Convenience: incremental fetch with no parent context.

Source

fn stream_pages<'a>( &'a self, context: &'a HashMap<String, Value>, batch_size: usize, ) -> Pin<Box<dyn Stream<Item = Result<StreamPage, FaucetError>> + Send + 'a>>

Stream records page-by-page so the pipeline can write to the sink as pages arrive instead of buffering the full result set.

batch_size is the hint the pipeline passes down; sources are free to use a larger or smaller native chunk (e.g. one page per HTTP response, one row-group per Parquet file) but should approximate it where feasible. The special value batch_size = 0 means “do not batch — emit the entire result set in a single page.” Sources that stream natively should treat 0 as “skip the chunking layer and yield one page after the underlying read completes” (useful for small lookup tables or for sinks like SQL COPY / BigQuery load jobs that prefer one large request).

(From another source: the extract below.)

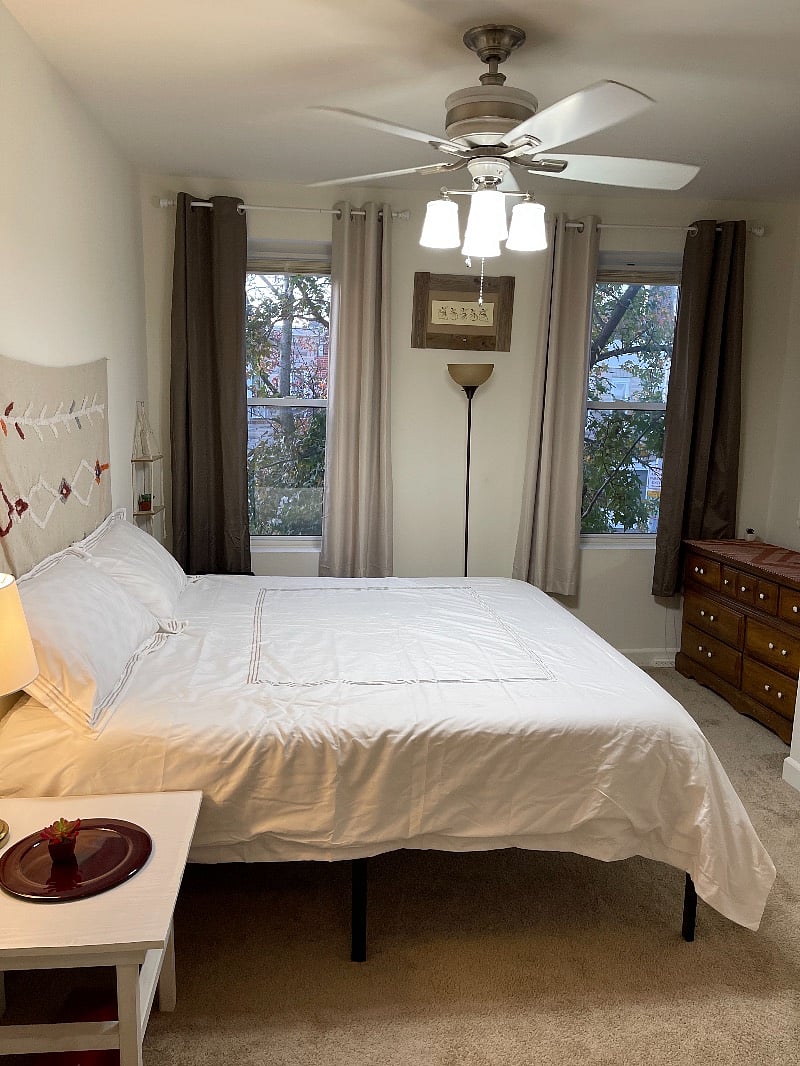 King size bedroom with black out curtains and ceiling fan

The default implementation fetches the full result set via fetch_with_context_incremental and chunks it in memory by batch_size. The bookmark (when present) is attached to the final page so the pipeline only persists after the entire fetch has been written. Sources that can stream natively override this method and may emit per-page bookmarks (e.g. CDC).

An empty result with a Some(bookmark) still yields one empty page carrying the bookmark, so incremental runs that produce no records still advance their checkpoint.

Source

fn config_schema(&self) -> Value

Return a JSON Schema describing the configuration this source accepts.

Source

fn state_key(&self) -> Option<String>

Stable key under which this source’s incremental-replication bookmark should be persisted in a StateStore.

Returning Some(key) opts this source into resumable runs: when the pipeline is configured with a state store via Pipeline::with_state_store, it reads the bookmark at key before fetching and writes the new bookmark back only after the sink confirms the batch was written.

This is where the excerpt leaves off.